Réponse du berger à la bergère. Au lendemain de la conférence de presse de la Coalition des 14 partis de l’opposition qui brandit la menace de reprise des manifestions de rue, le gouvernement togolais est sorti de son silence en rencontrant les professionnels de la presse ce mercredi 24 octobre 2018 à Lomé dans le cadre d’une conférence de presse qui, semble siffler la fin de la souplesse dont le gouvernement a fait preuve ces derniers temps.

Plusieurs sujets étaient à l’ordre du jour de cette conférence de presse animée par le gouvernement togolais représenté par le Ministre de la fonction publique et de la réforme administrative, Gilbert Bawara qui fait office du porte-parole du gouvernement  et son collègue de l’Administration Territoriale, de  la Décentralisation et des Collectivités Locales, Payadowa Boukpessi. Ils avaient à leurs côtés, le président du groupe parlementaire UNIR, Christophe Padoumhekou Tchao. Au nombre des sujets abordés à cette conférence de presse, l’épineuse question de la désignation des membres de la Commission Électorale Nationale Indépendante (CENI) par la Coalition de l’opposition (C14) au titre de partie prenante à cette institution. Sur cette question, le Ministre Bawara, point focal de la délégation du pouvoir au dialogue, n’est pas allé du dos de la main, « La C14 n’est pas une partie prenante de la CENI »  allusion faite à la loi, notamment l’article 12 du code électorale. Ainsi, la C14 n’a pas le doit de s’arroger le droit de désigner toute seule, les représentants de l’opposition devant siéger au sein de cette institution.  » Elle (C14) n’a aucun droit de désigner les représentants de toute l’opposition à la CENI » a-t-il poursuivi.

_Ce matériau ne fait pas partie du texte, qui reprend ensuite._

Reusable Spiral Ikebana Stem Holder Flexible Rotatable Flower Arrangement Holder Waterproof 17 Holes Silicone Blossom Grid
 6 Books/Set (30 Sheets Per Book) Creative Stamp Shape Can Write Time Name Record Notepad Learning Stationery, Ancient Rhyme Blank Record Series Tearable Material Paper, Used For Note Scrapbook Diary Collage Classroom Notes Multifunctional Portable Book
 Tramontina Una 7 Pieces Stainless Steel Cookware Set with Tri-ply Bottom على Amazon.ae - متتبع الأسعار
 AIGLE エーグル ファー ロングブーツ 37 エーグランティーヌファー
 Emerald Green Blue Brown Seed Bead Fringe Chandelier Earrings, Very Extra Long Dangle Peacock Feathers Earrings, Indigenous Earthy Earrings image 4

Sur le sujet de la mise en oeuvre de la feuille de route de la CEDEAO en occurrence, la tenue des élections législatives le 20 décembre et les réformes constitutionnelles, le porte-parole du gouvernement est catégorique et formel. « La date du 20 décembre sera respectée ». Pour ce qui est des réformes, il estime que le choix de la date relève de la compétence du chef de l’Etat et du premier Ministre, il n’est donc pas en mesure de dire à quelle date elles auront lieu, cependant ce dont il est certain, « il y aura une révision constitutionnelle ». Pour ce qui est de la menace de la C14 de reprendre les manifestations de rue, le point focal du gouvernement au dialogue est ferme. « Il n’y aura plus un nouveau 19 Août 2017 au Togo ». Selon, le Ministre Bawara, il n’est pas admissible que chaque fois, des personnes commettent des infractions pour espérer ne pas être sanctionnées selon les lois en vigueur, au nom de l’apaisement. « Les personnes qui seront auteurs de trouble à l’ordre public et autres infractions seront recherchées, arrêtées et feront face à la justice »

Il faut dire que cette conférence de presse du gouvernement au cours de laquelle le ton a été  assez  ferme et catégorique, montre la détermination du gouvernement à ne plus permettre toute situation qui viserait à semer du désordre dans le pays. C’est une conférence de presse qui sonne comme le retour de l’autorité de l’Etat après des moments de flottement, de laxisme et surtout de concessions au nom de l’apaisement mais qui au finish, ne semblent pas porter ses fruits avec une opposition de plus en menaçante vis-à-vis du gouvernement et de l’autorité de l’Etat.